== Work instruction ==
Exactly the lines from the start of the data through the line containing "Casa &agrave; venda" should be output, with both ends kept and nothing added.

(Crawled caption data)
-------------------------
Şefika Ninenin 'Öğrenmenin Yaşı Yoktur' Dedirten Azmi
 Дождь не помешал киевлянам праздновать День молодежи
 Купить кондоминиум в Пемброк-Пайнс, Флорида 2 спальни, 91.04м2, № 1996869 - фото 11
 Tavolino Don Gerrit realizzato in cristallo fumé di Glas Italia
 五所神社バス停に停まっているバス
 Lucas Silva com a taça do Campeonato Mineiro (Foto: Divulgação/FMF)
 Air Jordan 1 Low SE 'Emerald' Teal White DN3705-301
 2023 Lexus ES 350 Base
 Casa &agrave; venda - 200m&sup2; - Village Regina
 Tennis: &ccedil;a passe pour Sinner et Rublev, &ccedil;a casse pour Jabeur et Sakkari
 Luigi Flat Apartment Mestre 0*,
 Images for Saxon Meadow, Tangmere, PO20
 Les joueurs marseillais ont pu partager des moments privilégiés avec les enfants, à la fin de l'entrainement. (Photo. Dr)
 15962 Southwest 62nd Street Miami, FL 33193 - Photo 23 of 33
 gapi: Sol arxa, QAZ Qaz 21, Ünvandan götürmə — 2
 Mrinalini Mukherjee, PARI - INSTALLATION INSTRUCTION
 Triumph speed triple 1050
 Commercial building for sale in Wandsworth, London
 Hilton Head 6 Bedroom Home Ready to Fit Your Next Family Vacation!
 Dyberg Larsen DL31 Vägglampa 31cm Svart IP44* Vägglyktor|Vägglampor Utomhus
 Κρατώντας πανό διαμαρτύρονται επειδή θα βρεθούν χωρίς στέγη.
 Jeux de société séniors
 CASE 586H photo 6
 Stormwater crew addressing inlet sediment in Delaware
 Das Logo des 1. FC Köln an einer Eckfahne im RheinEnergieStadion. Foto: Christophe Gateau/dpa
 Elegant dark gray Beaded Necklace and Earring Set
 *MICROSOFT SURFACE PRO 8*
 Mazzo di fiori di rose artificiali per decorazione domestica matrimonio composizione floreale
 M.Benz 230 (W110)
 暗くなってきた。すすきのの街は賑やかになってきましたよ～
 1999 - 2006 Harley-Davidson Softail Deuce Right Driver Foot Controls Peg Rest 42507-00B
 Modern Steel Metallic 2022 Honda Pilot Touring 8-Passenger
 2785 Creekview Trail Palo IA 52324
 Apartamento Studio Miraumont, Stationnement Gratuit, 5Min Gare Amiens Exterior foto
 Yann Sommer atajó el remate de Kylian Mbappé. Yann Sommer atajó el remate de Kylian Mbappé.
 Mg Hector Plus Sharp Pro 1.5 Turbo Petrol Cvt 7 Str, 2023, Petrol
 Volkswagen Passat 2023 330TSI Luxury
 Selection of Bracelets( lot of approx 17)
-------------------------
== Written reply ==
Şefika Ninenin 'Öğrenmenin Yaşı Yoktur' Dedirten Azmi
 Дождь не помешал киевлянам праздновать День молодежи
 Купить кондоминиум в Пемброк-Пайнс, Флорида 2 спальни, 91.04м2, № 1996869 - фото 11
 Tavolino Don Gerrit realizzato in cristallo fumé di Glas Italia
 五所神社バス停に停まっているバス
 Lucas Silva com a taça do Campeonato Mineiro (Foto: Divulgação/FMF)
 Air Jordan 1 Low SE 'Emerald' Teal White DN3705-301
 2023 Lexus ES 350 Base
 Casa &agrave; venda - 200m&sup2; - Village Regina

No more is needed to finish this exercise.